Female genital cutting and HIV/AIDS among Kenyan women

Type Journal Article - Studies in Family Planning
Title Female genital cutting and HIV/AIDS among Kenyan women
Author(s)
Volume 38
Issue 2
Publication (Day/Month/Year) 2007
Page numbers 73-88
URL http://www.ncbi.nlm.nih.gov/pubmed/17642409
Abstract
Female genital cutting (FGC) and HIV/AIDS are both highly prevalent in sub-Saharan Africa, and researchers have speculated that the association may be more than coincidental. Data from 3,167 women aged 15-49 who participated in the 2003 Kenya Demographic and Health Survey (KDHS) are used to test the direct and indirect associations of FGC with HIV. Our adjusted models suggest that FGC is not associated directly with HIV, but is associated indirectly through several pathways.
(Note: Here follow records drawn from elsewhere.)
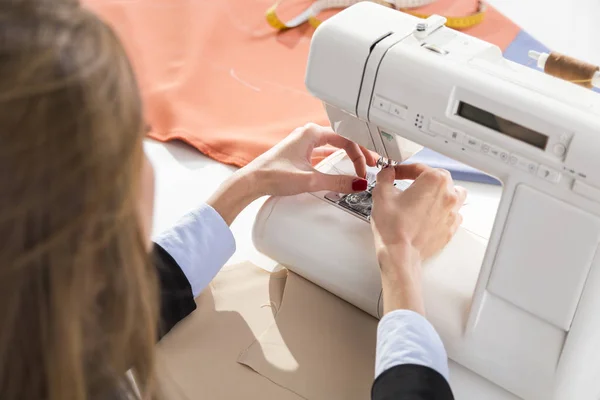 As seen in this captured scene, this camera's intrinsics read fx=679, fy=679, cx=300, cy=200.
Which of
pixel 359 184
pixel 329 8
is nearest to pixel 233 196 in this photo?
pixel 359 184

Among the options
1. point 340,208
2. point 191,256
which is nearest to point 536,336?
point 340,208

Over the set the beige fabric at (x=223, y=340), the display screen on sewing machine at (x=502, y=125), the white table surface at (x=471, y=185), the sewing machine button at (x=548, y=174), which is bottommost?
the beige fabric at (x=223, y=340)

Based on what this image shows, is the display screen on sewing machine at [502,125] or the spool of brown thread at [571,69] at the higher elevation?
the spool of brown thread at [571,69]

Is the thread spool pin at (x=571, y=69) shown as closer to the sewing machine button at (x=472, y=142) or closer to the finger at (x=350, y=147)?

Cut women are 1.72 times more likely than uncut women to have older partners, and women with older partners are 2.65 times more likely than women with younger partners to test positive for HIV. Cut women have 1.94 times higher odds than uncut women of initiating sexual intercourse before they are 20, and women who experience their sexual debut before age 20 have 1.73 times higher odds than those whose sexual debut comes later of testing positive for HIV. Cut women have 27 percent lower odds of having at least one extra-union partner, and women with an extra-union partner have 2.63 times higher odds of testing positive for HIV. Therefore, in Kenya, FGC may be an early life-course event that indirectly alters women's odds of becoming infected with HIV through protective and harmful practices in adulthood.